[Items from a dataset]

--------------------

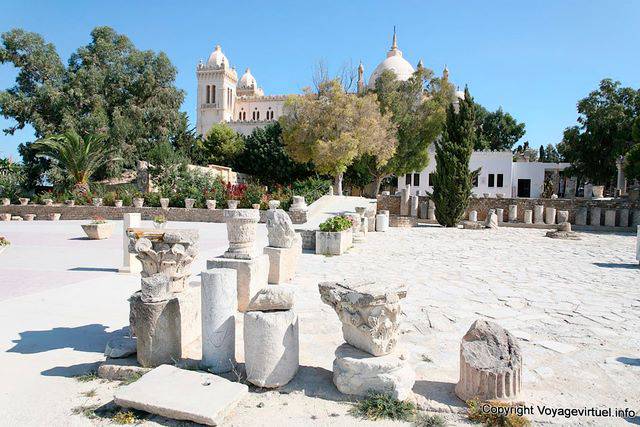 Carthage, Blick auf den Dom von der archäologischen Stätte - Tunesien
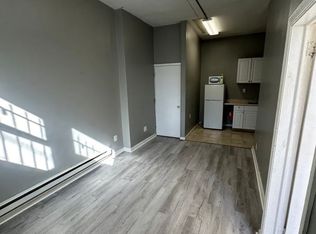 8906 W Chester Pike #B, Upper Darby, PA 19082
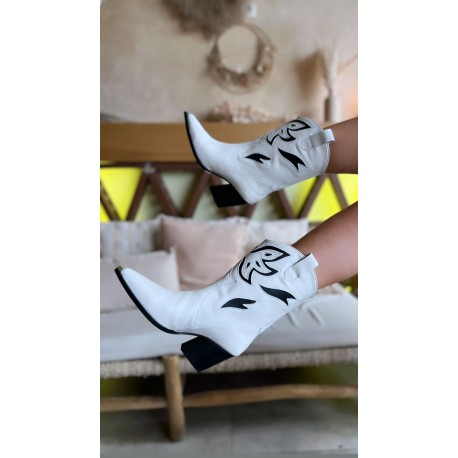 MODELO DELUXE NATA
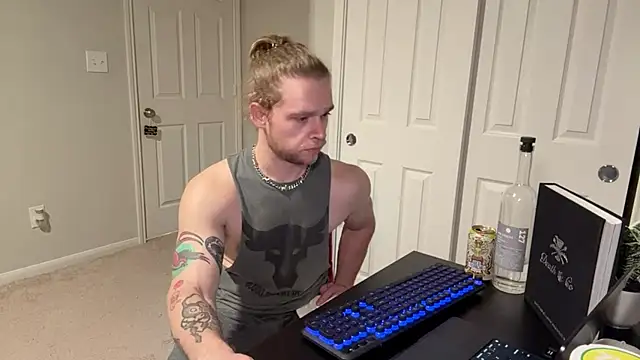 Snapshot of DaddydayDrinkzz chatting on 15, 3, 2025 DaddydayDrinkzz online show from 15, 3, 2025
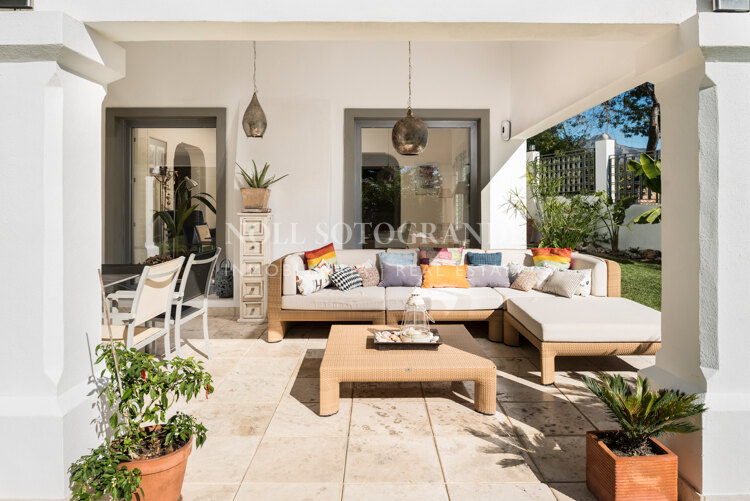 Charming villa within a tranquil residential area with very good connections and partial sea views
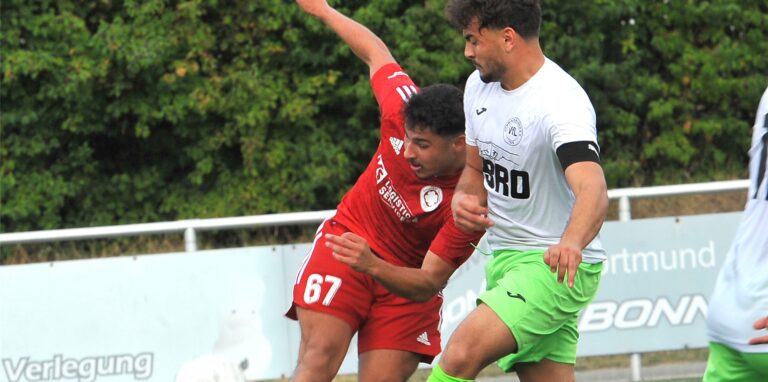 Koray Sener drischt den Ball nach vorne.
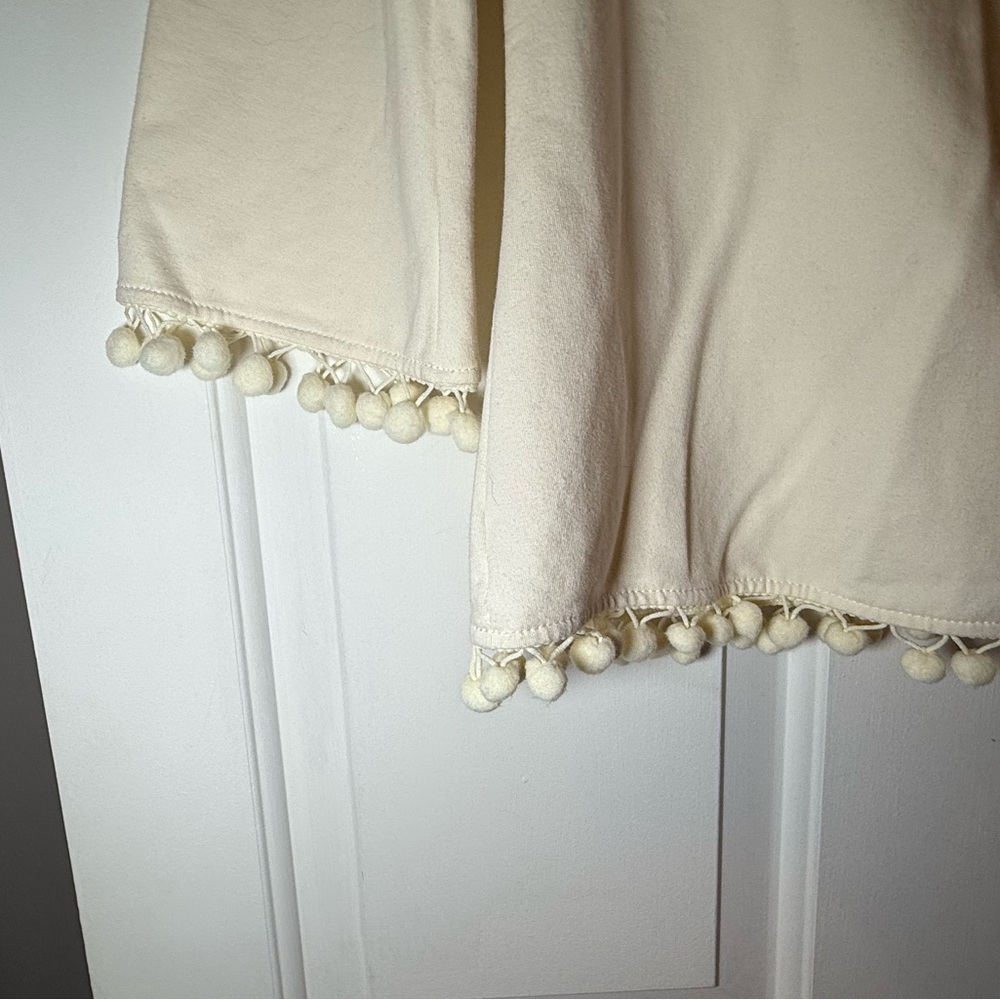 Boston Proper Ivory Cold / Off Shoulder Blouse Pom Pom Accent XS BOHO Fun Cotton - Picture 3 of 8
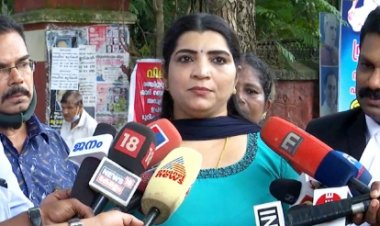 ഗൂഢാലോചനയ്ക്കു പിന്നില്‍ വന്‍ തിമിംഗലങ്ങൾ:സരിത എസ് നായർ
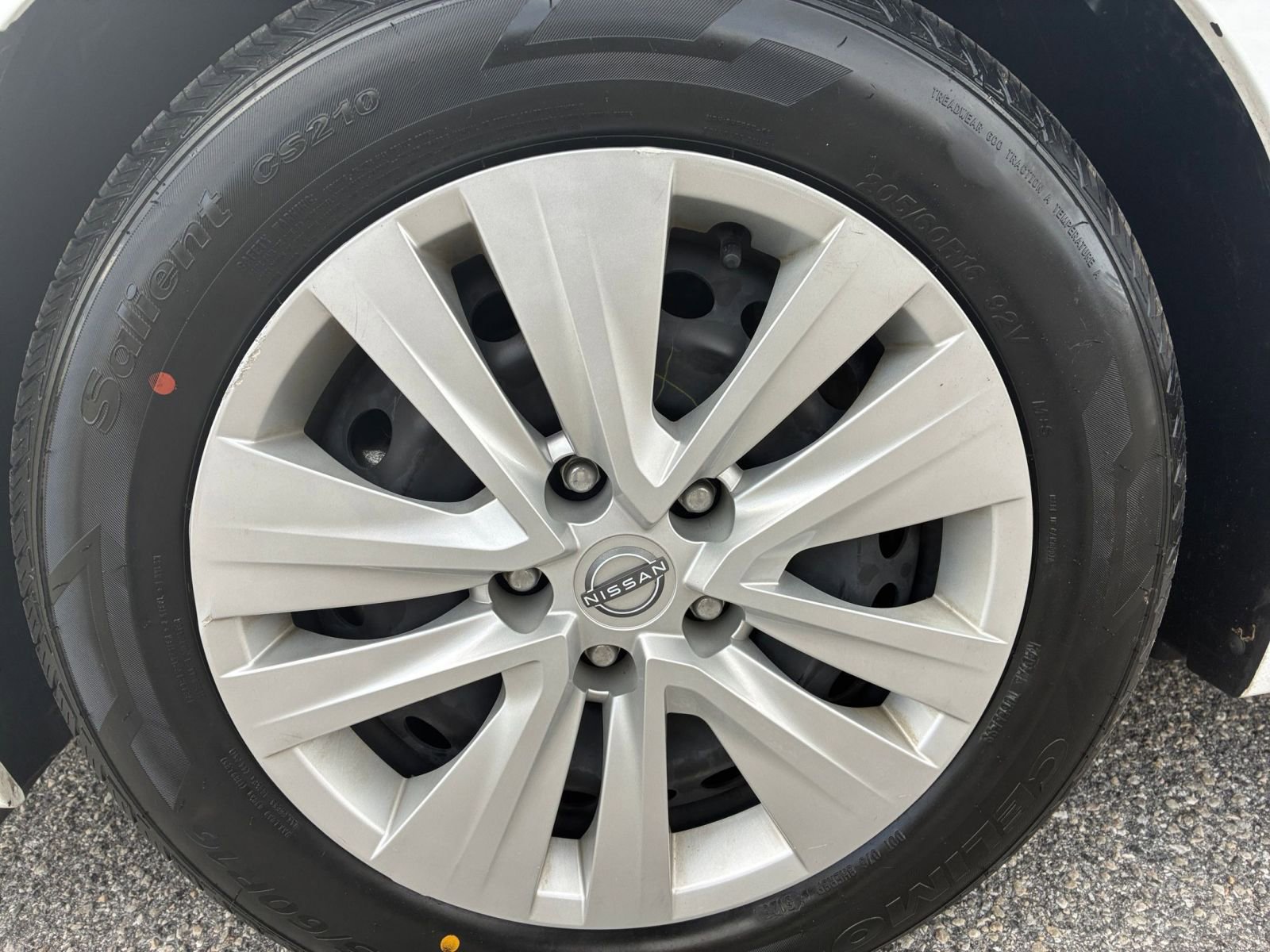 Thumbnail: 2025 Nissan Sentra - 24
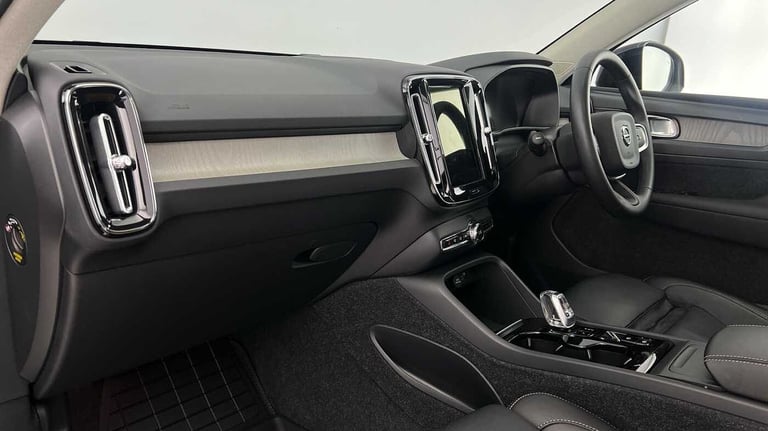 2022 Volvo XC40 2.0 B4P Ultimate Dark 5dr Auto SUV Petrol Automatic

--------------------

• WORK ORDER:
Print the records exactly, every one. Leave out the pictures.

• SOLUTION TO THIS TASK:
 Carthage, Blick auf den Dom von der archäologischen Stätte - Tunesien
 8906 W Chester Pike #B, Upper Darby, PA 19082
 MODELO DELUXE NATA
 Snapshot of DaddydayDrinkzz chatting on 15, 3, 2025 DaddydayDrinkzz online show from 15, 3, 2025
 Charming villa within a tranquil residential area with very good connections and partial sea views
 Koray Sener drischt den Ball nach vorne.
 Boston Proper Ivory Cold / Off Shoulder Blouse Pom Pom Accent XS BOHO Fun Cotton - Picture 3 of 8
 ഗൂഢാലോചനയ്ക്കു പിന്നില്‍ വന്‍ തിമിംഗലങ്ങൾ:സരിത എസ് നായർ
 Thumbnail: 2025 Nissan Sentra - 24
 2022 Volvo XC40 2.0 B4P Ultimate Dark 5dr Auto SUV Petrol Automatic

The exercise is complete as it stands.